Alpha microprocessors

Alpha (original name Alpha AXP) is a 64-bit reduced instruction set computer (RISC) instruction set architecture (ISA) developed by Digital Equipment Corporation (DEC). Alpha was designed to replace 32-bit VAX complex instruction set computers (CISC) and to be a highly competitive RISC processor for Unix workstations and similar markets.

Alpha is implemented in a series of microprocessors originally developed and fabricated by DEC. These microprocessors are most prominently used in a variety of DEC workstations and servers, which eventually formed the basis for almost all of their mid-to-upper-scale lineup. Several third-party vendors also produced Alpha systems, including PC form factor motherboards.

Operating systems that support Alpha included OpenVMS (formerly named OpenVMS AXP), Tru64 UNIX (formerly named DEC OSF/1 AXP and Digital UNIX), Windows NT (discontinued after NT 4.0; and prerelease Windows 2000 RC2),[2] Linux (Debian, SUSE,[3] Gentoo and Red Hat), BSD UNIX (NetBSD, OpenBSD and FreeBSD up to 6.x), Plan 9 from Bell Labs, and the L4Ka::Pistachio kernel. A port of Ultrix to Alpha was carried out during the initial development of the Alpha architecture, but was never released as a product.[4]

The Alpha architecture was sold, along with most parts of DEC, to Compaq in 1998.[5] Compaq, already an Intel x86 customer, announced that they would phase out Alpha in favor of the forthcoming Hewlett-Packard/Intel Itanium architecture, and sold all Alpha intellectual property to Intel, in 2001,[6] effectively killing the product. Hewlett-Packard purchased Compaq in 2002, continuing development of the existing product line until 2004, and selling Alpha-based systems, largely to the existing customer base, until April 2007.[7]

History

PRISM

Alpha emerged from an earlier RISC project named Parallel Reduced Instruction Set Machine (PRISM), itself the product of several earlier projects. PRISM was intended to be a flexible design, supporting Unix-like applications, and Digital's existing VAX/VMS software, after minor conversion. A new operating system named MICA would support both ULTRIX and VAX/VMS interfaces on a common kernel, allowing software for both platforms to be easily ported to the PRISM architecture.[8]
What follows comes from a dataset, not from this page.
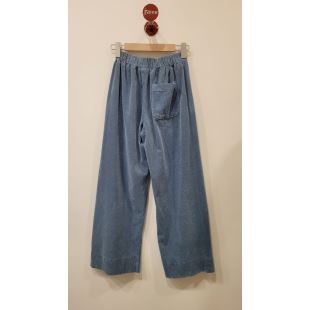 HOD PARIS - PANTALON LARGE JIMMY VELOURS | SKY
Started in 1985, the PRISM design was continually changed during its development in response to changes in the computer market, leading to lengthy delays in its introduction. It was not until the summer of 1987 that it was decided that it would be a 64-bit design, among the earliest such designs in a microprocessor format. In October 1987, Sun Microsystems introduced the Sun-4, their first workstation using their new SPARC processor. The Sun-4 runs about three to four times as fast as their latest Sun-3 designs using the Motorola 68020, and any Unix offering from DEC. The plans changed again; PRISM was realigned once again as a 32-bit part and aimed directly at the Unix market. This further delayed the design.[9]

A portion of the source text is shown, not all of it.